Phil speculates on the future of wealth, and says that with sufficiently advanced technology (like nano-assemblers and perfect virtual reality) the concept of wealth will cease to exist.

Two (hypothetical) future developments promise to flatten the delta virtually out of existence. One of these is the universal assembler (third item), which uses nanotechnology to allow anybody to make — literally — anything they want, including their own univeral assembler. In addition to closing the gap between the rich and the average, this device will eliminate any remaining gap between the average and the poor. Poverty won't exist any more.

The other development is full-immersion virtual reality, which will enable anyone to experience anything. Think of that scene in the first Matrix where they arm themselves by selecting weapons from an inexhaustable warehouse containing every firearm ever conceived. Now map that capability over to things like cars and vacations and (yes) romantic partners.

Who's richer, a guy with one real Porsche or a guy with a virtual collection of every Porsche model ever built? Assuming the VR is flawless and the experience of driving the virtual cars is identical to the real thing, I'm going to say the second guy. If this capability is ever realized, the day people generally agree with my answer is the day the concept of "wealth" ceases to exist.

He and Glenn Reynolds also say that (democratic!) political influence is getting harder to buy, considering that Americans watch less TV and are influenced and enthused more by websites than by political ads. That's all true... but there will always be the power of physical force, and there will always be people with more physical power than others. Even if nano-assemblers give us all armies of wicked wizard robots, someone's assembler is going to be faster than yours -- or sitting on a more powerful black-hole-engine -- and they're going to be able to kill you and smash your virtual Porsches. And then there will always be the people who are more convincing than you are, and able to gather armies and followers and whatnot.

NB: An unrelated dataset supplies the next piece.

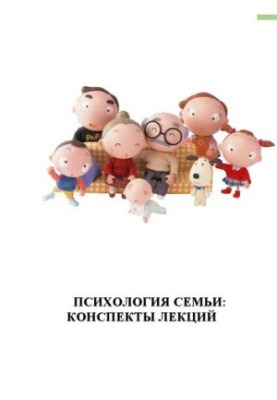 Психология семьи : конспекты лекций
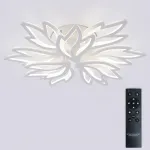 Потолочная люстра Natali Kovaltseva Rif LED LAMPS 81118/7C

Even aside from raw physical power, forms of wealth may change but the concepts of wealth and possession are built into human nature and won't ever disappear. Look at the kinds of distinctions we make between objects of varying levels of wealth right now: my hypothetical house is more expensive than yours because I have copper plumbing and live in a school district with 5% higher test scores! To a person 100 years ago, those value differences would be meaningless relative to the vast wealth differential between his time and ours. The man from the past would see both you and I as fantastically rich -- and that's how Phil is looking towards the future -- whereas we may see clear and important differences between our hypothetical houses. In the future, wealth distinctions will probably become more subtle (my Space Bugatti has seventeen cupholders and was assembled from the core of a neutron star, you plebian!), but they're never going to go away.